SQuARE: Structured Query & Adaptive Retrieval Engine For Tabular Formats
Chinmay Gondhalekar, Urjitkumar Patel, Fang-Chun Yeh
TL;DR
SQuARE addresses the challenge of question answering over real spreadsheets by introducing an adaptive retrieval framework that routes queries between structure-preserving semantic chunks for complex, multi-header sheets and constrained SQL over an inferred relational view for flat tables. A sheet-level complexity score guides routing, while a lightweight agent enables confidence-based fallback and evidence fusion, ensuring verifiable cell/row-level provenance. Across complex balance sheets, a merged World Bank workbook, and flat tables, SQuARE outperforms static baselines and tool-free ChatGPT-4o in end-to-end accuracy and retrieval fidelity, with predictable latency on modest hardware.

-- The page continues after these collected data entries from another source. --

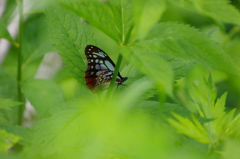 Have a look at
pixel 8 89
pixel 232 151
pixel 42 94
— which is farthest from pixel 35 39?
pixel 232 151

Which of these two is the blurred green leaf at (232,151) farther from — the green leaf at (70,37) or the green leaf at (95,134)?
the green leaf at (70,37)

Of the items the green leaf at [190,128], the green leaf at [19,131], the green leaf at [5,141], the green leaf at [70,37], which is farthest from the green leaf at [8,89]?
the green leaf at [190,128]

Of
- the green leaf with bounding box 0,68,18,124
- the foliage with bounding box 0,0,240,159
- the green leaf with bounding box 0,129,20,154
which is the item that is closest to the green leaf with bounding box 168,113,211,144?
the foliage with bounding box 0,0,240,159

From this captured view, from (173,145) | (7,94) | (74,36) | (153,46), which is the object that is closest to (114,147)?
(173,145)

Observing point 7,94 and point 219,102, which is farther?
point 7,94

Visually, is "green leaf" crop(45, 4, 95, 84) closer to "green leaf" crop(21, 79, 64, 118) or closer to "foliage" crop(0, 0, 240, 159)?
"foliage" crop(0, 0, 240, 159)

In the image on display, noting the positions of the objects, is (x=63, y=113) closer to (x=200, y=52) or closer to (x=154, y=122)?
(x=154, y=122) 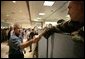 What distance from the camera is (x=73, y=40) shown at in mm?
767

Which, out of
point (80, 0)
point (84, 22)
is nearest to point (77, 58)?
point (84, 22)

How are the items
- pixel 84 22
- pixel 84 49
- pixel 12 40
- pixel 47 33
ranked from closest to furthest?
pixel 84 49 → pixel 84 22 → pixel 47 33 → pixel 12 40

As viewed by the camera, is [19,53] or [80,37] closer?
[80,37]

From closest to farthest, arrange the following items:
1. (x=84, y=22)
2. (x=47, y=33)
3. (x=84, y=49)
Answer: (x=84, y=49) → (x=84, y=22) → (x=47, y=33)

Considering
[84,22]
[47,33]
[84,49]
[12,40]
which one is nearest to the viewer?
[84,49]

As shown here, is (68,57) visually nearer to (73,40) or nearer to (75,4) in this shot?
(73,40)

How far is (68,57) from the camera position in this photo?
83 centimetres

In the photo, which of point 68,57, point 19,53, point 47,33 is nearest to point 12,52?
point 19,53

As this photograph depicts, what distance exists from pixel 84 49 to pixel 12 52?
3373 mm

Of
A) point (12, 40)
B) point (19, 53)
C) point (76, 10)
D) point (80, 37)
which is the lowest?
point (19, 53)

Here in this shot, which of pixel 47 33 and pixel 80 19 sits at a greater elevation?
pixel 80 19

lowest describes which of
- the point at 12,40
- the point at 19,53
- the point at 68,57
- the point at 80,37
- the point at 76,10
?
the point at 19,53

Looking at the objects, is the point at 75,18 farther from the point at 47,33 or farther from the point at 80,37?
the point at 47,33

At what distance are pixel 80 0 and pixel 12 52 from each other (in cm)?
326
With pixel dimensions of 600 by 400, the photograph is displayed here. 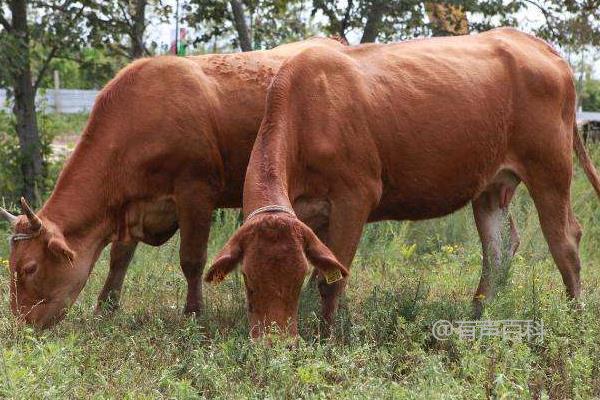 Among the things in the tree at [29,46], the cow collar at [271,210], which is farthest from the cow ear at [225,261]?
Answer: the tree at [29,46]

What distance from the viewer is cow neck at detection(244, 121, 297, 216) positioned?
521 cm

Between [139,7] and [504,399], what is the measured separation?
726cm

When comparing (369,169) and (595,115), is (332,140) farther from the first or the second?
(595,115)

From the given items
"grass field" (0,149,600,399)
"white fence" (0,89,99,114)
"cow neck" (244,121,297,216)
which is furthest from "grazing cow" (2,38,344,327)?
"white fence" (0,89,99,114)

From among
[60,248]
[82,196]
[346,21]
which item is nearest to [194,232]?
[82,196]

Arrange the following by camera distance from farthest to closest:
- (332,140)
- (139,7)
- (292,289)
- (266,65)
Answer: (139,7) → (266,65) → (332,140) → (292,289)

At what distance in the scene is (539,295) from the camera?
252 inches

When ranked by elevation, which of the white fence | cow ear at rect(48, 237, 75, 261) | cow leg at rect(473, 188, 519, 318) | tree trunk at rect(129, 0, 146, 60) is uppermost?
tree trunk at rect(129, 0, 146, 60)

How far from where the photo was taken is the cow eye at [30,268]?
590 centimetres

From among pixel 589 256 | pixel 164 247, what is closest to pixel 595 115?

This work demonstrates that decoupling retrieval strategy from model choice and maintaining structural fidelity are practical, scalable steps toward robust tabular question answering and compatibility with emerging tabular foundation models.
Abstract
Accurate question answering over real spreadsheets remains difficult due to multirow headers, merged cells, and unit annotations that disrupt naive chunking, while rigid SQL views fail on files lacking consistent schemas. We present SQuARE, a hybrid retrieval framework with sheet-level, complexity-aware routing. It computes a continuous score based on header depth and merge density, then routes queries either through structure-preserving chunk retrieval or SQL over an automatically constructed relational representation. A lightweight agent supervises retrieval, refinement, or combination of results across both paths when confidence is low. This design maintains header hierarchies, time labels, and units, ensuring that returned values are faithful to the original cells and straightforward to verify. Evaluated on multi-header corporate balance sheets, a heavily merged World Bank workbook, and diverse public datasets, SQuARE consistently surpasses single-strategy baselines and ChatGPT-4o on both retrieval precision and end-to-end answer accuracy while keeping latency predictable. By decoupling retrieval from model choice, the system is compatible with emerging tabular foundation models and offers a practical bridge toward a more robust table understanding.